In yesterday’s Technical Webcast we discussed 13-Apr’s 360.75 corrective low as our short-term bull risk parameter the market needed to sustain gains above to maintain a more immediate bullish count. The hourly chart below shows the market’s failure to do so, confirming a bearish divergence in short-term momentum that defines yesterday’s 376.00 high as the possible end to a 5-wave sequence up from 29-Mar’s 315.75 larger-degree corrective low and key long-term risk parameter. As a result, yesterday’s 376.00 high serves as our new short-term risk parameter from which non-bullish decisions like long-covers and cautious bearish punts can be objectively based and managed by shorter-term traders with tighter risk profiles.
Given the magnitude of the secular bull trend and erven the extent and impulsiveness of the latest portion of the bull from 315.75 however, this week’s setback attempt falls well within the bounds of a smaller-degree (4th-Wave) correction ahead of a (5th-Wave) resumption of the rally from 315.75 consistent with the secular bull market. At this juncture however, the market has specific yesterday’s 376.00 high as THE level around which to make this judgment.
From a longer-term perspective, only a glance at the daily (above) and weekly log (below) charts of the Sep contract is needed to see that the secular bull trend remains the dominant technical factor. Indeed, the market has yet to concede to prices even below former 350.00-area resistance-turned-support, let alone fail below 29-Mar’s 315.75 larger-degree corrective low and key long-term risk parameter needed to complete a larger-degree 5-wave sequence up from 14-Jan’s 241.00 low. Per such, this 315.75 level remains intact as our key long-term bull risk parameter pertinent to longer-term commercial players.

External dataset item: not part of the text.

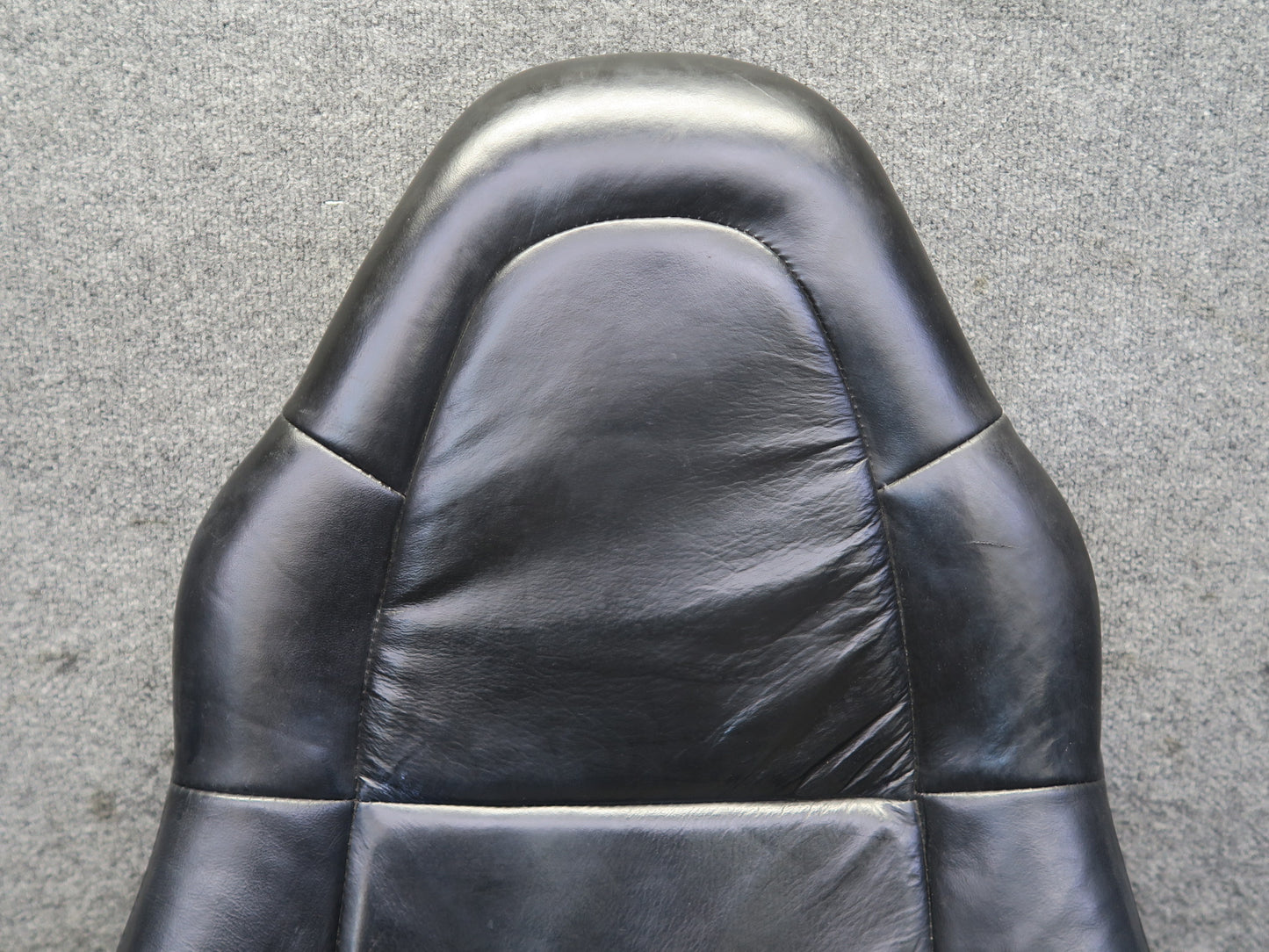 00-02 Toyota MR2 Spyder Right Passenger Leather Seat Upper Cushion Black OEM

On an active-continuation basis, the weekly log chart below does not yet reflect Sep contract prices, but this should change within a week. Putting this chart closer to 29-Mar’s 347.50 low and risk parameter in the May contract, traders are urged to focus on 29-Mar’s 315.75 corrective low in the Sep contract as our key long-term bull risk parameter.

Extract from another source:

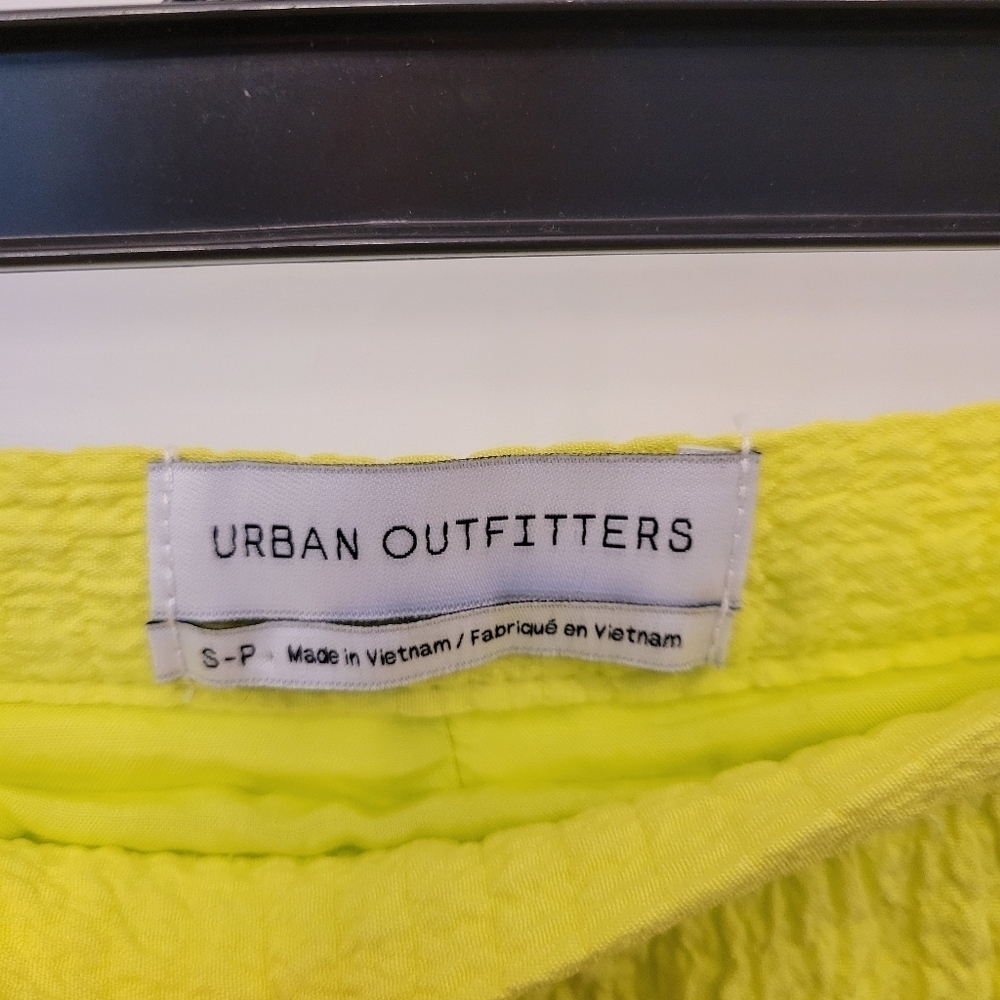 Urban Outfitters Neon Yellow Skirt size small - Picture 5 of 6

These issues considered, shorter-term traders have been advised to move to a neutral/sideline position in order to circumvent the depths unknown of a slightly larger-degree correction or possible reversal lower. A recovery above 376.00 negates this call, chalks up this week’s setback as a correction and reinstates the secular bull that would warrant a return to a bullish policy. Longer-term players remain advised to maintain a bullish policy and exposure with a failure below 315.75 required to negate this call and warrant moving to a neutral/sideline position ahead of a broader peak/reversal threat.